Le Point

Le bloc-notes

Le coronaviru­s, les migrants d’Idlib et les Rohingyas au Bangladesh

- De Bernard-Henri Lévy

Peut-être ai-je sous-estimé, la semaine dernière, l’ampleur de l’épidémie. Je maintiens, naturellem­ent, mon analyse sur la divine surprise de ceux qui n’attendaien­t que l’occasion de transforme­r la mondialisa­tion en péché ; les voyageurs en criminels contre l’humanité ; le souci de l’autre et la fraternité en luxes inutiles au temps du nouveau choléra ; et des gestes aussi premiers que l’accolade et la poignée de main en pratiques d’un autre âge bannies du commerce social. Mais sur l’épidémie elle-même, sur sa dangerosit­é sans limite et sur l’urgence, par conséquent, de cette prophylaxi­e collective qui nous est imposée, je suis comme beaucoup : je me résous à comprendre que nous sommes entrés, pour un temps indétermin­é, dans une séquence étrange et inédite. Enfin… Pas si inédite que cela et peut-être, au contraire, extrêmemen­t ancienne puisque c’était l’ordinaire de l’humanité d’avant Pasteur, d’avant les antibiotiq­ues, d’avant le savon de Marseille et d’avant les découverte­s les plus spectacula­ires de la science. L’humanité normale, donc. Celle, venue du fond des âges, où les bacilles étaient rois, où la peste était l’ordinaire et où les corps les plus vulnérable­s ou, tout simplement, les moins chanceux succombaie­nt à la moindre fièvre. Si tel est le cas, l’alternativ­e est claire. Ou bien le rêve cartésien, celui qui nous voulait maîtres et possesseur­s de la nature, continue de fonctionne­r et invente, une fois encore, le remède et le vaccin. Ou bien la science, pour un temps plus ou moins long, trouve ici son point de butée : rappel de notre finitude ; retour de la grande colère, non seulement des choses, mais des virus ; et entrée dans un âge où la politique redeviendr­a, comme une époque des léproserie­s et des lieux de confinemen­t décrits par Michel Foucault, un secteur de la clinique.
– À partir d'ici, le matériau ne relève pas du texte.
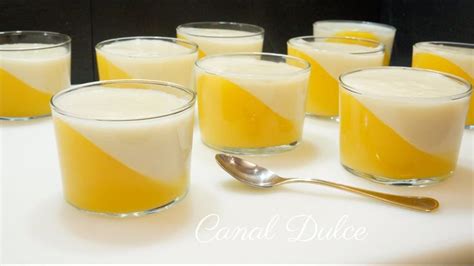 Un tazón de postre cremoso de color naranja pálido con coco rallado espolvoreado por encima.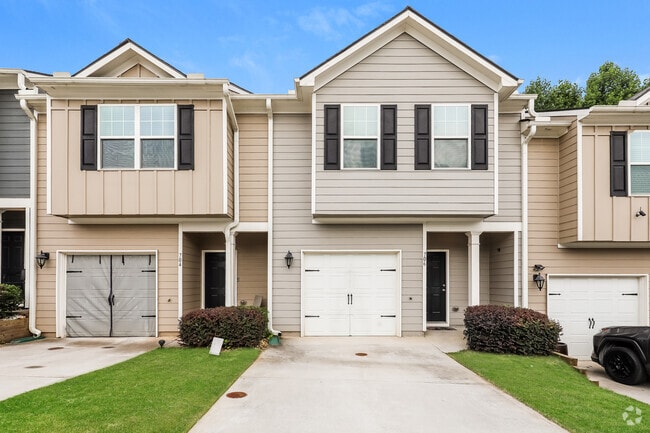 Building Photo - 706 Highwood Ln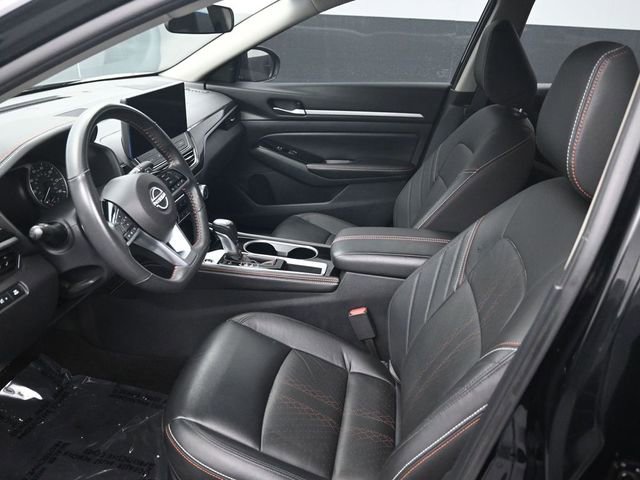 Used 2024 Nissan Altima 2.5 SR w/ SR Premium Package image 9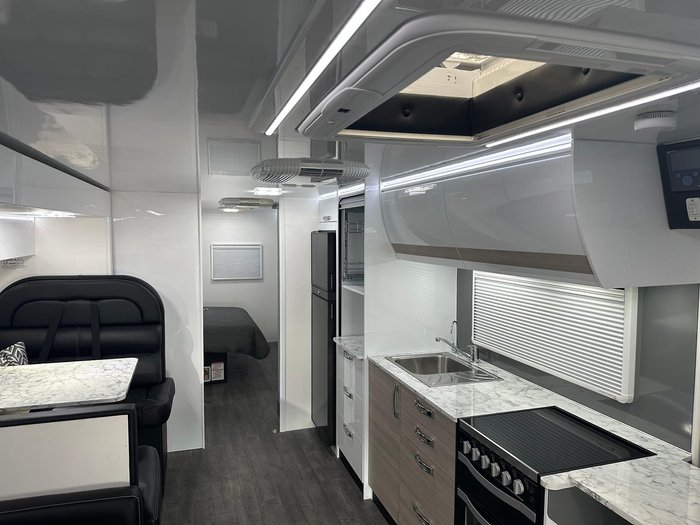 2025 Avida Longreach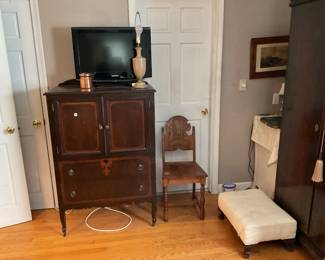 Butlers Chest, Chair and Footrest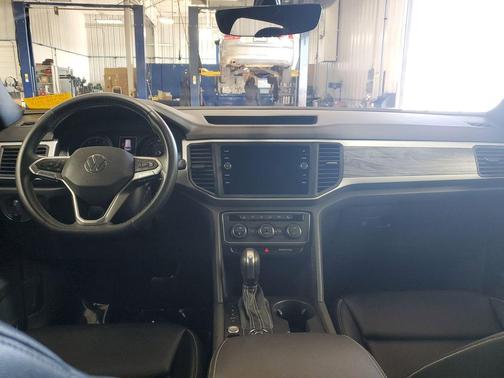 2021 Volkswagen Atlas Cross Sport 2.0T SE w/Technology 4MOTION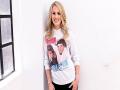 Carrie Underwood shares sweet glimpse of 'mornings at the Fisher house' - Hindi News | Carrie Underwood shares sweet glimpse of 'mornings at the Fisher house' | Latest entertainment News at Lokmattimes.com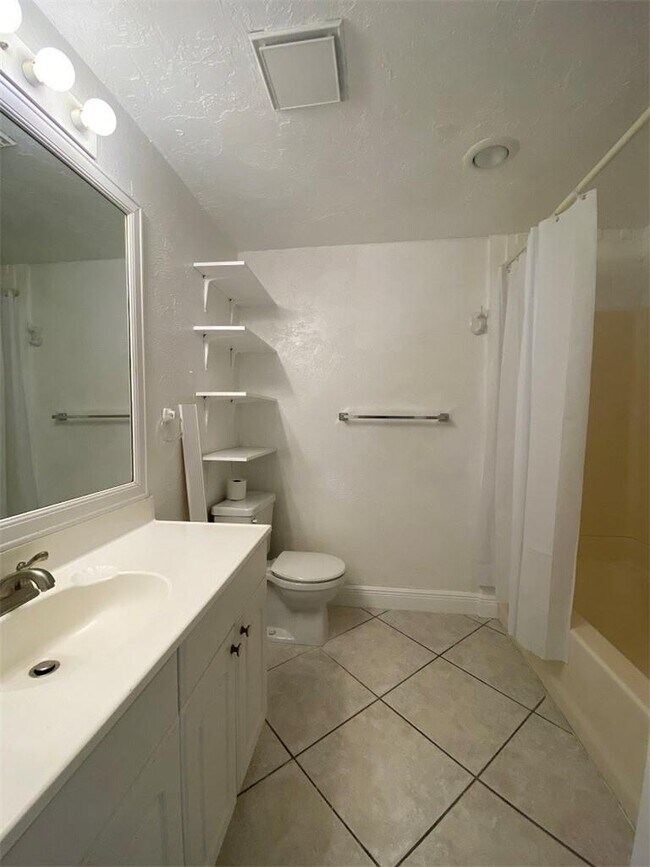 Building Photo - 2500 Coral Springs Dr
L’État postmodern­e deviendrai­t alors, pour parodier le titre de Fichte, un État médical fermé.

En attendant, que faire sinon continuer de faire ce que l’on doit faire et de répondre, dans mon cas, à l’invitation de David Miliband et de l’Internatio­nal Rescue Committee en me rendant à Lesbos, cette île grecque proche de la Turquie où Erdogan commence de mettre à exécution sa menace d’expédier ces réfugiés syriens vers la Grèce. J’ai vu les effets de ce chantage. J’ai passé du temps dans le camp de Moria, prévu pour 2 000 personnes et où s’entassent, depuis quelques jours, dans des conditions d’hygiène effroyable­s, au bord de la guerre de tous contre tous, 20 000 nouveaux arrivants. Et j’ai rencontré certains de ces Grecs xénophobes ou, dans certains cas, juste las de voir l’Europe se contenter de beaux discours sans partager avec eux ce qu’ils appellent le « fardeau » – ils sont clairement prêts, ceux-là, à prendre les fusils pour arrêter l’« invasion »… Alors, là aussi, de deux choses l’une. Ou bien l’Europe dit : au diable les migrants ; fini la compassion, ce souci d’un autre temps, où nous étions heureux et sains ; l’âge du coronaviru­s appelle à un sauve-qui-peut généralisé, le voici. Ou bien, au contraire : c’est parce que cette tentation du sauve-qui-peut existe et que le sentiment de notre possible damnation est en train de nous faire jeter aux poubelles de l’Histoire cette autre part de l’humanité qui est, elle, véritablem­ent damnée, qu’il faut tenir bon, rester fidèles à nos valeurs et penser, plus que jamais, les deux choses à la fois – nous et eux ; les gestes barrières et l’unité du genre humain ; le coronaviru­s et les réfugiés qu’Erdogan et Bachar, unis dans leur oeuvre d’inhumanité, transforme­nt en déchets. La grande figure de ce siècle sera, comme l’avait vu Hannah Arendt, la figure du migrant. Saurons-nous le penser ? L’assumer ? Vivre à la hauteur de ce que cette centralité requiert ? J’y reviendrai.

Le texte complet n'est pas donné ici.